Dubai’s Sheikh Mohammed abducted daughters and threatened wife – UK court

The billionaire ruler of Dubai arranged the kidnapping of two of his adult daughters and forcibly returned them to the Gulf state after they attempted to flee abroad, a UK court has found.

In a case described by the judge as “extraordinary,” the family division of the High Court in London also found that Sheikh Mohammed bin Rashid Al Maktoum conducted a “campaign of fear and intimidation” against his former wife, Jordanian Princess Haya bint al-Hussein.

The court determined that the sheikh organized abductions of his two daughters on three occasions — including one from the historic UK city of Cambridge and another in international waters off the coast of India.

The findings were revealed after a series of hearings in London involving Princess Haya and can now be disclosed after reporting restrictions were lifted.

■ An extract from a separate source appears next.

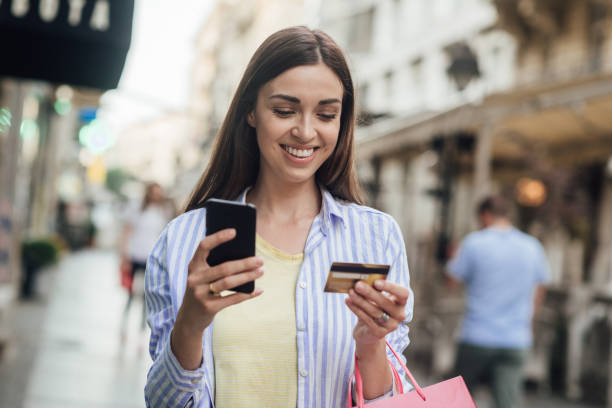 istock Young woman making an order on the move 1362622573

Sir Andrew McFarlane, the UK most senior family judge, established as fact that Sheika Shamsa, one of the sheik’s daughters by another wife, ran away from her family in the summer of 2000 while visiting the UK. She was later abducted and forced into a car in Cambridge by men working for her father, before being driven to property owned by the sheikh. There, she was put on a helicopter to Deauville in France and then on a jet back to Dubai.

Another daughter, Sheikha Latifa, had twice tried to escape her Emirati family but was forced back, once in 2002 from the border of Dubai with Oman, and in 2018 “by an armed commando assault at sea” in international waters near the coast of India, the judge found.

“With respect to both Shamsa and Latifa it is asserted that following their return to the custody of the father’s family they have been deprived of their liberty,” the judgment says, finding the assertion to be true.

Sheikh Mohammed — the 70-year-old vice president and prime minister of the United Arab Emirates — said the court’s assessment was a one-sided account.

“This case concerns highly personal and private matters relating to our children. The appeal was made to protect the best interests and welfare of the children. The outcome does not protect my children from media attention in the way that other children in family proceedings in the UK are protected,” he said in a statement issued by his representatives.

“As a head of government, I was not able to participate in the court’s fact-finding process. This has resulted in the release of a ‘fact-finding’ judgment which inevitably tells only one side of the story. I ask that the media respect the privacy of our children and do not intrude into their lives in the UK.”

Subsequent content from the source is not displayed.